Typical of the American Jewish experience, it was Chabad that inspired Jaffee to publish Jewish content that inspired observance among young readers. A rabbinical student, David Masinter, was working on a magazine for the youth organization Tzivos Hashem in 1983. With the Lubavitcher Rebbe’s blessing, he sought top talent for his cause. “As a kid growing up in South Africa in the 1970s, Mad Magazine was exceptionally popular,” he said in an interview with Chabad.org. “So, I said, we need to get these guys for the Moshiach Times!”

Rabbi Masinter called on Dave Berg, Joe Kubert, and Jaffee to freelance for his magazine. “We were the Rebbe’s emissaries, so we told them what the Rebbe had taught us: ‘G‑d gave you a talent.’ Instead of just making people smile, use it to really help uplift the world.”

Jaffee opened up to Masinter about his childhood in Lithuania and how it related to his art. “In cheder, we learned about various stories from the Torah.

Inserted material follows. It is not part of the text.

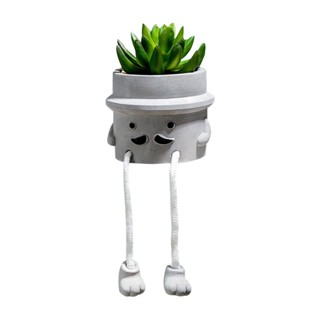 Faux Succulent Potted Cement Home Living Room Desk Cute Practical Stylish Exquisite Office Mustache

I was fascinated by the story of Noah’s Ark. So, I carved an ark out of wood with little animals that could stand around it.”

Rabbi Dovid Shalom Pape, the editor of Moshiach Times, brought mezuzos to Jaffee, wrapped t’filin on him, and provided for Kaddish in memory of Jaffee’s wife Joyce.

“I enjoy working on ‘the Shpy,’” Jaffee said of his superhero character in Moshiach Times. “Not like Superman or some other hero, he’s someone the kids can relate to. He stands up to the Hamans and the bad guys of the world, protecting Jewish children.”

In 2019, Mad Magazine published its final monthly issue, shortly after Jaffee’s retirement. He was a witness to the prewar shtetlach, the golden age of American Jewish comedians, the rise and decline of a popular humor magazine, the inspiration for many comedians, comic artists, and commentators. I was born in Latvia and loved his illustrated depictions of society. I attended the same art school as Jaffee under its later name, LaGuardia High School.

This past Pesach, in honor of this favorite artist, my daughter made puns, shared her own margin caricatures in a class Haggadah, and then we made up our own “Snappy Answers to Stupid Questions.” His memory lives on.